Dick transplanted his work to the National University of Singapore in 2011 - and then later the Public Health Research Institute at Rutgers University’s New Jersey Medical School in 2017, where he continued his research into the TB problem. With the creation of the CDI in 2019, he joined longtime colleague (and partner) Dr. Veronique Dartois in establishing a fully enabled antimycobacterial drug discovery platform by engaging CDI and external collaborators bringing the required domain expertise to the table, including in vivo pharmacology and medicinal chemistry. The collaboration is closely entwined with his lab colleagues: Drs. Dartois, Matthew Zimmerman, and Martin Gengenbacher, as well as Drs. Jickky Sarathy, Abdeljalil Madani, Dereje Negatu, Wassihun Aragaw and Uday Ganapathy, and his chemistry and structural biology collaborators in the United States, Europe, and Singapore.
His work has focused on something called NTM, in addition to TB, since his arrival in Nutley.
Over the past few decades relatives of the tubercle bacillus, called ‘non-TB mycobacteria’ (NTM), have become responsible for increasing numbers of lung disease worldwide.

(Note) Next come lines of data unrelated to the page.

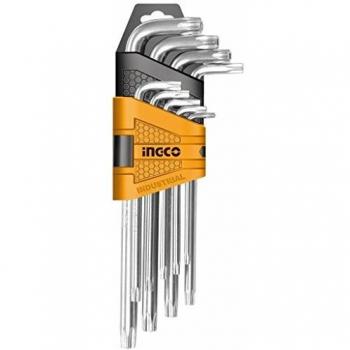 Set Chiavi Torx Proto HHK13092
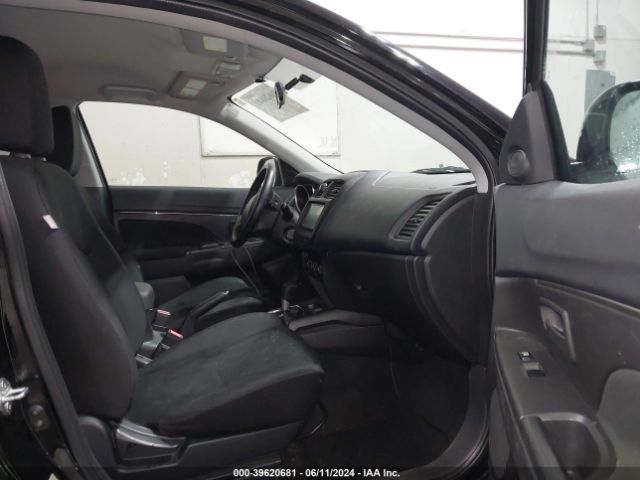 Photo 4 VIN: 4A4AP3AW4FE035309 - MITSUBISHI OUTLANDER SPORT 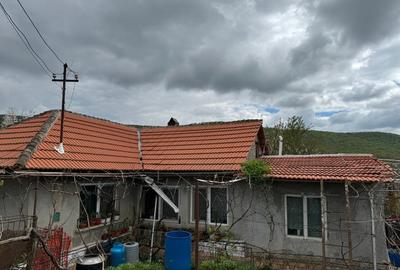 Casă cu 3 camere în Babadag - 5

Comprising 200 species, M. avium and M. abscessus are clinically the most relevant NTM pathogens. Shockingly, even drug-susceptible M. abscessus disease is not reliably curable with current medications. This bacterium is thus one of the examples showing that we have already entered the feared and widely discussed ‘post antibiotic era,’ as Dick points out.
“The slow-moving tsunami of untreatable bacterial infections approaching humankind has reached us,” he said. “New drugs that deal with pathogens such as M. abscessus are urgently needed.”

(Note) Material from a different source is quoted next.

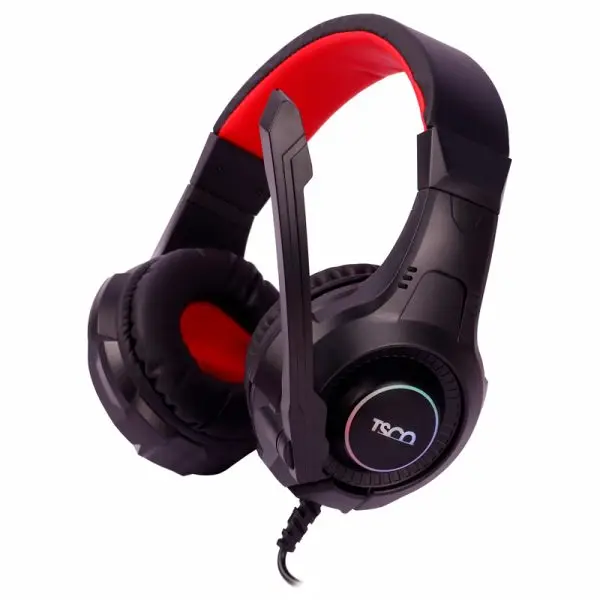 هدست سیم دار تسکو TSCO GH 5150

“Understanding the tricks used by the bacteriotoxic molecules to derail homeostatic networks in bacteria - and the tricks invented by the bacteria to counter these assaults is simply fascinating. It’s evolution at work,” he said.

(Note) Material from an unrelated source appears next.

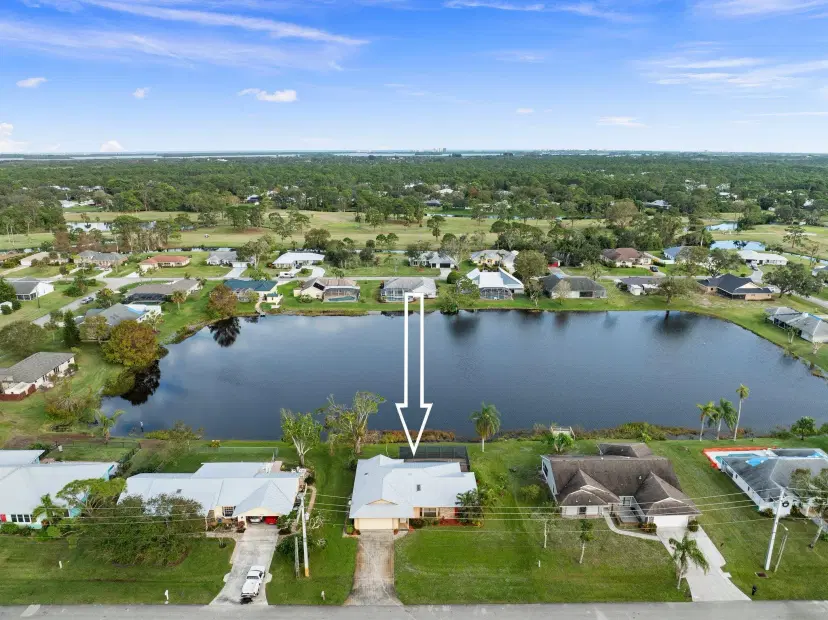 Picture of 5208 Feather Creek Drive, Fort Pierce FL 34951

Dick exploits this knowledge to discover new antibiotics to keep increasing antimicrobial resistance at bay. One major paper emerged in 2020 in the journal Nature Communications, in which Dick and team proved how the first-line TB drug Pyrazinamide works by actually degrading its protein target inside the germ - and thereby showed “the basis for the rational discovery of next generation” treatments of variations of it. Another recent example: he and the team published a paper in June 2021 in the Proceedings of the National Academy of Sciences pointing to how an enzyme inhibitor called triaza-coumarin, or TA-C, is metabolized by the TB germs, which makes it effective in inhibiting the disease from within, like in a "Trojan horse" attack.
THE FUTURE.
Dick lives a short distance away from the CDI, and he travels by foot or bike to work at the lab. His ultimate professional goal is to develop a new, hugely effective drug to treat TB and NTM - and also mentor the next generation of scientists while doing so.
He hikes locally, and travels when circumstances allow. He’s taken up chess in recent years, and he reads voraciously about the world around him. He keeps up with his parents in Heidelberg, and his children Elena and Jonathan (both adults, in Amsterdam and London, respectively) via lots of “coffee sessions” over FaceTime.
Eventually, when work and time allow, he’d want to do nothing less than write a sequel to “In the Beginning was Hydrogen.” A conversation with the scientist can, and does, extend out to the farthest reaches of the universe, to the boundaries of human understanding. He’d like to write that next book to perhaps bring that understanding to another child, like him, who’s endlessly curious and has a passion for knowing.
“The book is still largely correct since it was written 50 years ago - but many exciting things were discovered in the last few decades, especially in astrophysics and the life sciences. Time for an update,” he said. “I would love it if I could contribute that more people enjoy the beauty of science, the beauty of our universe, and the living things in it.”